Designing Effective Websites (Online)
These days, creating a website is so easy almost anyone can do it. But with all the competition on the Web, creating a site that's effective is more challenging than ever. To do that, you need to employ good design principles. Regardless of your current skills or level of knowledge, in this course, you'll master the basics of Web design and learn how to build sites that are better and more effective. Get ready to take your Web design skills to the next level!
We'll examine the tension between form and function, explore the six major states of the website development process, and learn the basics of user-centered design. We'll also cover the five basic steps to organizing information, find out how site design themes can be used for information delivery, and review Web page design considerations. Along the way, we'll talk about effective type and graphics and explore the idea of Web 2.0.
This course is a must for Web designers, giving the tips and tools that will help them establish a solid career.
Form Versus Function
This course is different from most Web creation courses you'll find because it's not designed to teach you the mechanics of creating a Web page or how to use a particular software program.
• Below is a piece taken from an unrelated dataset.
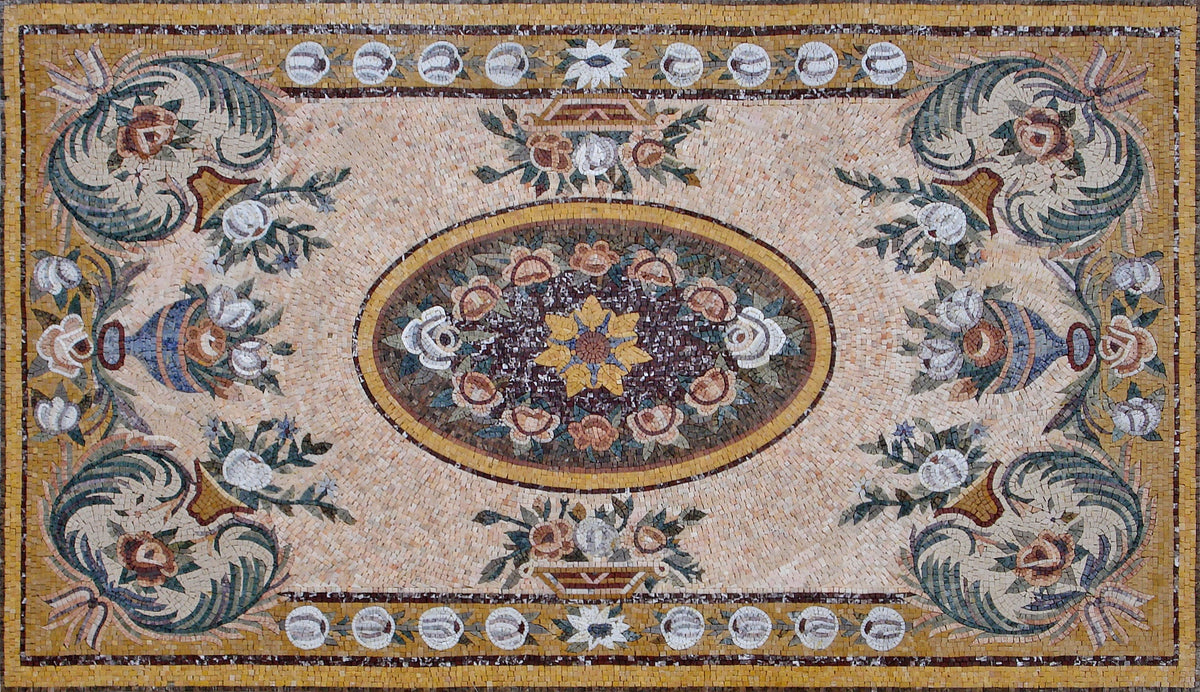Handmade Marble Mosaic Rug: Floral Stone Medallion, Home Decor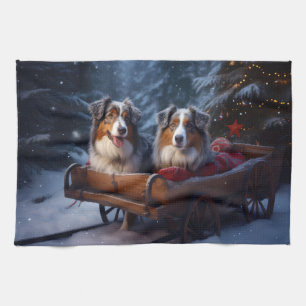 Australian Shepherd Snowy Sleigh Weihnachtsdekor Geschirrtuch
Instead, it's designed to help you take your website creations to the next level by enhancing both design and functionality. Together, we'll discover what attracts visitors to a website, and how to use design tools such as typography, Cascading Style Sheets (CSS), and multimedia to captivate visitors and keep them coming back.
Website Planning Process
Visitors are attracted by good design, but the content is what keeps them at the site longer and motivates them to return. Learn how to use two tools to attract and retain visitors: design critiques and a content inventory. Explore the six major development stages that yield expert design and smart content. Then study the three parts of Web design and the skills you'll need for each.
By now, you probably understand that an interface is a screen visitors see and use when they visit any page of your site. Designing an interface is easy. Designing an effective interface, however, is more challenging. There are four main elements that you'll need to consider to make your site user-centric: usability, visualization, functionality, and accessibility. Explore each of these elements to see the thought that goes into effective interface design.
Even if your basic content is accurate, attractive, and well written, your site won't function well without a solid and logical organizational foundation. Review the five basic steps involved in organizing information and four essential structures that you can use to build a website. Then learn how to create a flowchart for the pages you want to include on your site.
Websites exist to inform, educate, persuade, or entertain. Take this opportunity to concentrate on site design themes that pay attention to information delivery. Learn how to organize elements in order to enable visitors to accomplish their own goals. Explore usability, content, and design.
Discover how you can use visual and graphic design, page layout, and grids to take your designs to the next level. At the same time, become familiar with design considerations like visual hierarchy, page dimensions, and white space.
Typography on the Web
Typography plays a dual role by providing both verbal and visual communication. Almost any type of font will do to transmit information to others. But to convey the right type of mood along with the information takes a special type and color of font. Learn all the secrets here!
CSS and Font Embedding
Find out how you can use Cascading Style Sheets to modify fonts. Become familiar with inline, document-level, and external (linked) style sheets, and learn how to create an external CSS file to control the formatting of any or all pages on your site. For the more adventurous, we'll also take a look at some early font embedding techniques and explore two popular Flash-related options currently in use.
Writing for the Web
Before you write for the Web, you should take the time to understand how people read online. Become familiar with the use of titles, headlines, and subheads to assist readers in navigating your site. Discover the advantages of using a Web content management system. Learn how you can communicate more easily and informally with Web visitors by adding a blog to your site.
Images, Colors, and Layers
You can use images to add interest to your site and to help with navigation. Early designers were limited graphically by HTML attributes, and later designers discovered they could use tables to place images. Today's designers also have the option of using CSS to position images on the screen. But believe it or not, many people still use text-based browsers. So, you'll learn how to make the information you convey through your images accessible to those individuals as well.
CSS Positioning: More Layers
Web 2.0 and Beyond
Early websites were created by a few to be read by many. Over the years, developers added interactivity to websites through discussion forums, chat rooms, and shopping carts. These features are part of what I think of as Web 1.0. Today the focus has shifted from the sponsor of the site to the visitor, and sites like Flickr and YouTube are popular. They're examples of Web 2.0 sites. Examine several popular Web 2.0 sites, and take a look ahead to Web 3.0.